* [Prompt]
With pictures left out, output exactly the lines of the listing below from the line that has "Yu Tae-o — BIFF Red Carpet" to the line that has "Πετσέτα 90x145 Feel Fresh - Steel Gray", both lines kept.

* [Data excerpts]
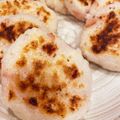 さこあ's cooksnap of when they made 米粉で簡単☆大根餅.
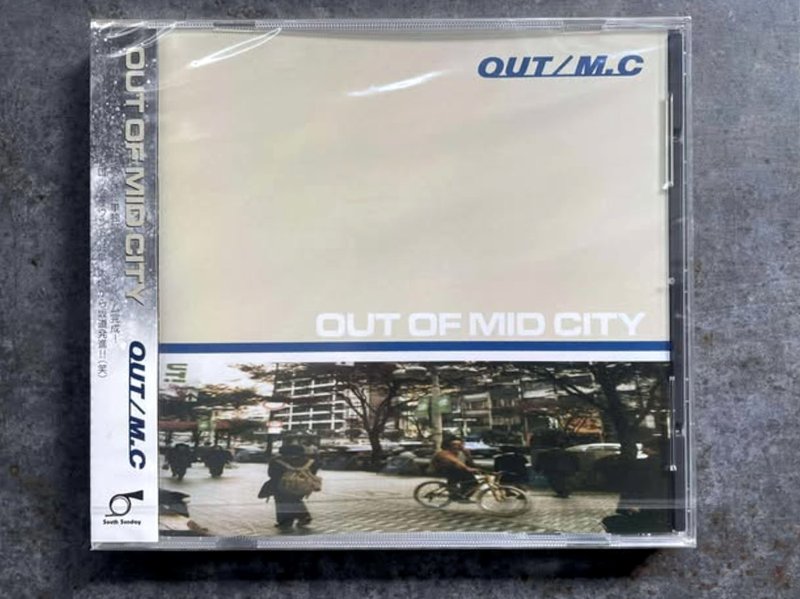 画像1: OUT OF MID CITY /   OUT/ M.C   CD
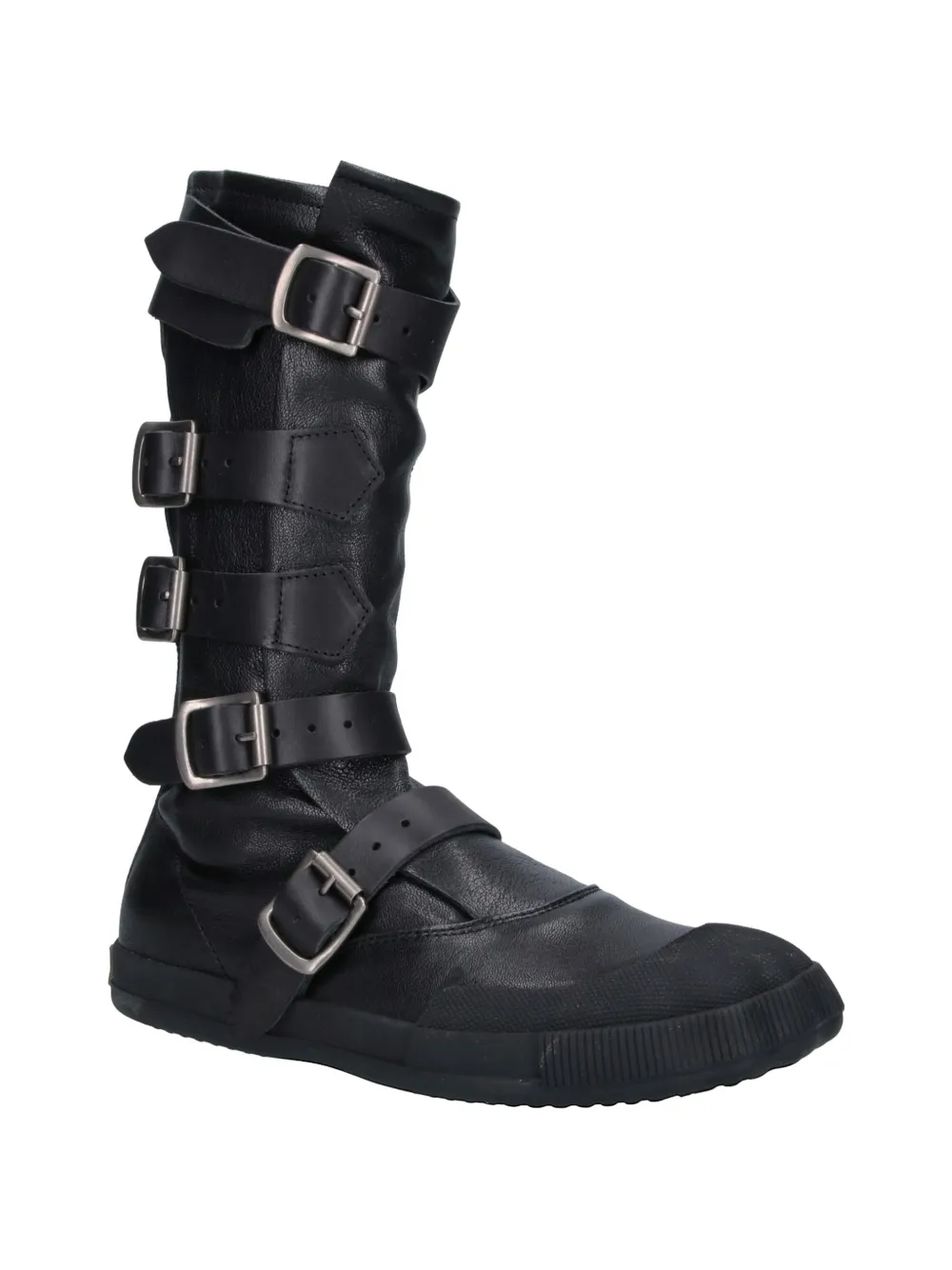 Vivienne Westwood Animal Pirate buckle-fastening boots Zwart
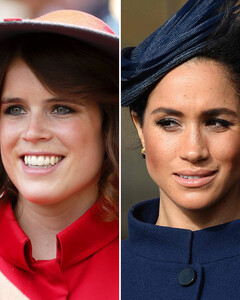 Меган Маркл и принцесса Евгения друзья?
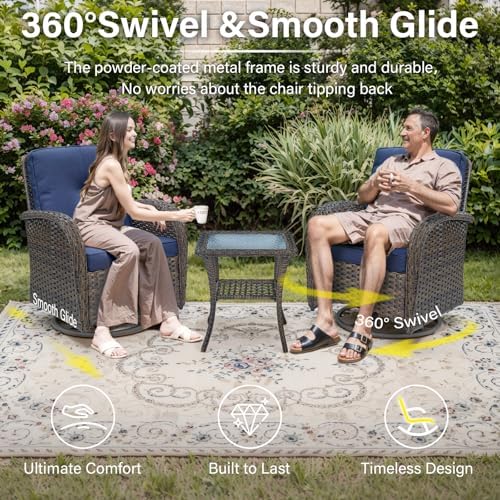 Belord 5 Pieces Patio Furniture Set - Image 3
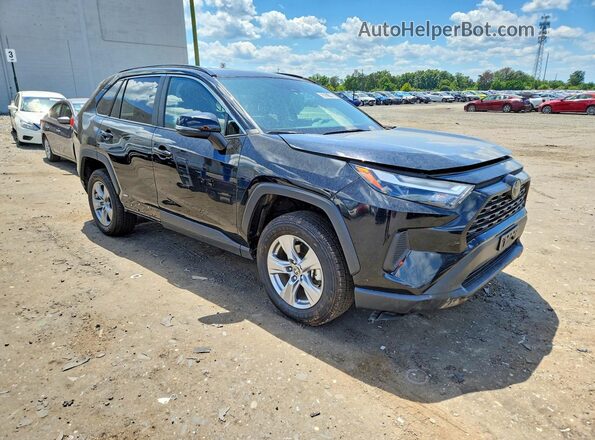 4T3RWRFV3SU171529 2025 TOYOTA RAV4 Black წინა მარჯვენა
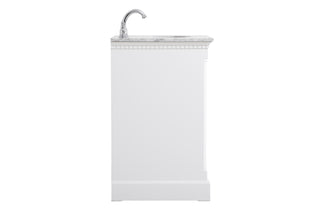 Clarence Bathroom Vanity Set in White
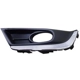 Purchase Top-Quality Driver Side Front Bumper Insert - HO1038135 pa1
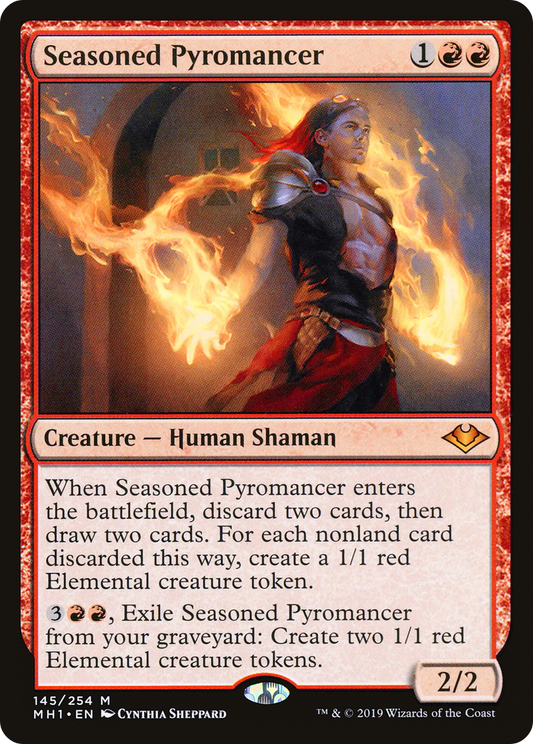 Seasoned Pyromancer (MH1-145) - Modern Horizons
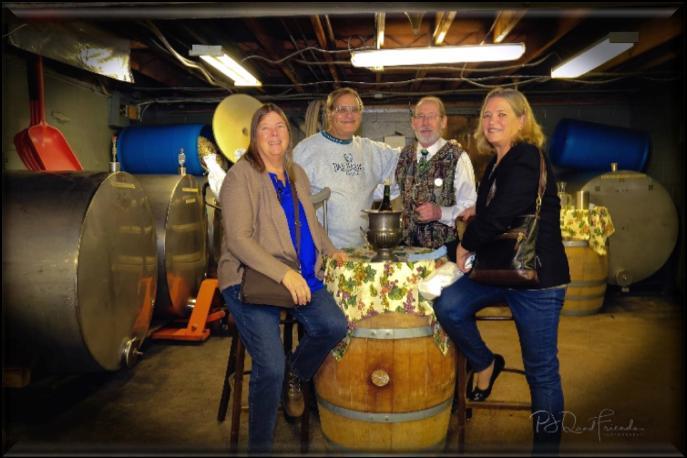 Henke Winery held our annual
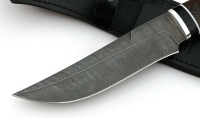 Нож Катран сталь дамаск, рукоять венге-черный граб - _MG_3383.jpg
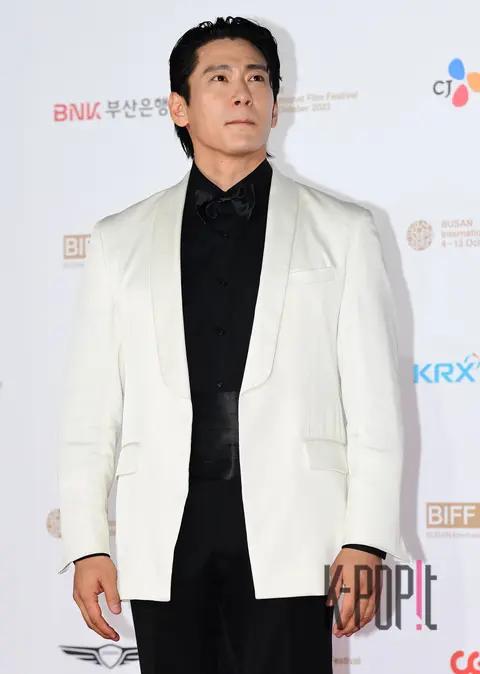 Yu Tae-o — BIFF Red Carpet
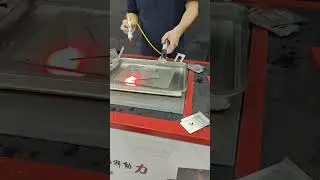 Underwater protable laser welding machine#laserwelding #welding#UnderwaterWelding #weldingindustry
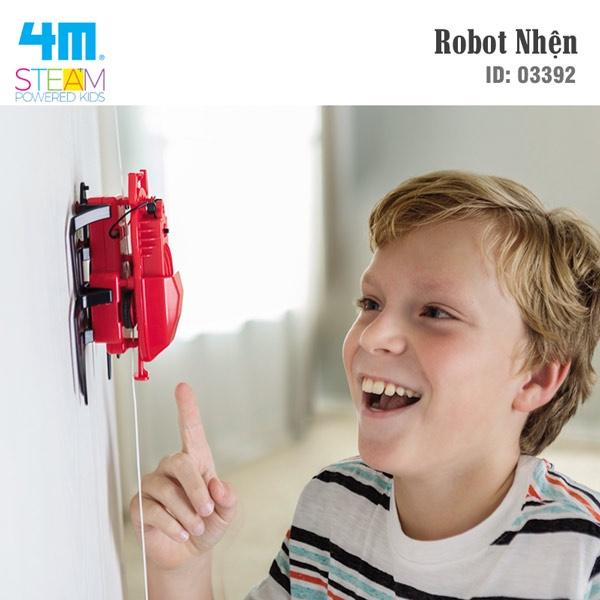 Đồ Chơi Khoa Học Robot Nhện – 4M 03392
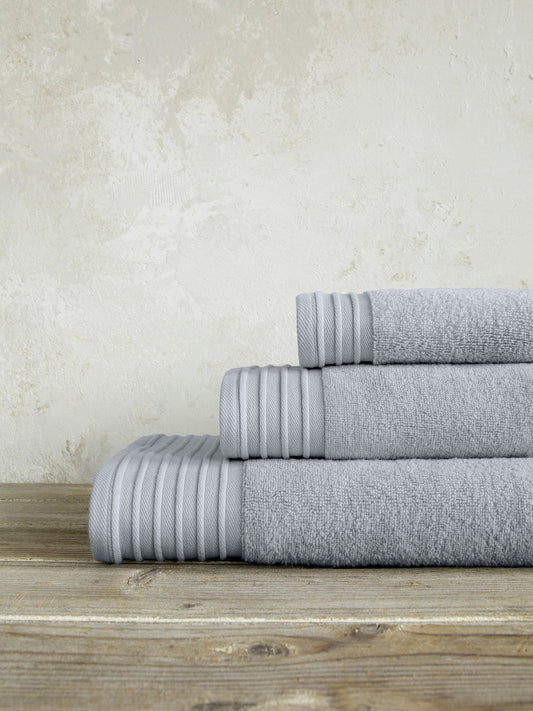 Πετσέτα 90x145 Feel Fresh - Steel Gray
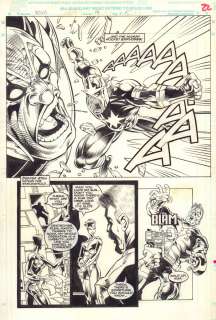 Chris Marrinan, Mark Stegbauer - Nova #14 P.15 / 22 - Nova Action 1/2 Splash - 1995 Signed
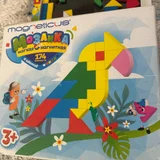 Магнитная мозаика — pinwheel, comic book (photo 1)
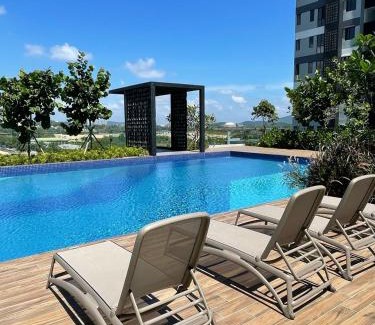 Laman Dahlia Apartment | Orchid Homestay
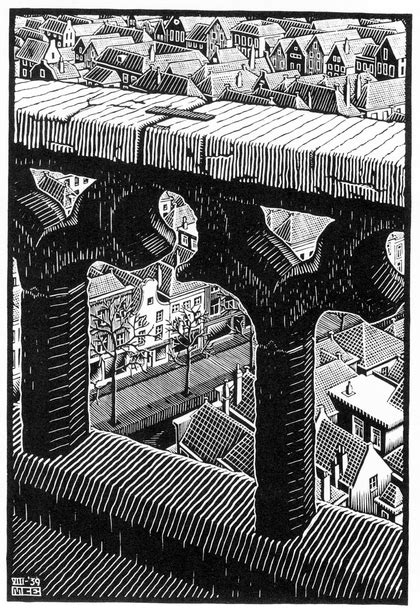 70 Mc Escher Wallpapers Wallpapersafari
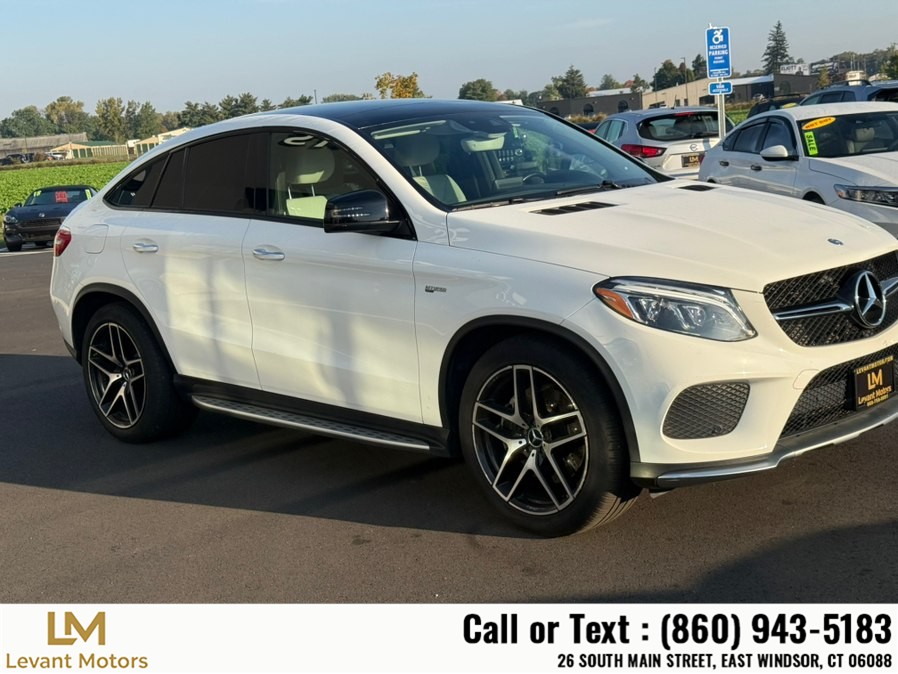 Used 2017 Mercedes-Benz GLE in EAST WINDSOR, Connecticut | Levant Motors LLC. EAST WINDSOR, Connecticut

* [Response]
 Yu Tae-o — BIFF Red Carpet
 Underwater protable laser welding machine#laserwelding #welding#UnderwaterWelding #weldingindustry
 Đồ Chơi Khoa Học Robot Nhện – 4M 03392
 Πετσέτα 90x145 Feel Fresh - Steel Gray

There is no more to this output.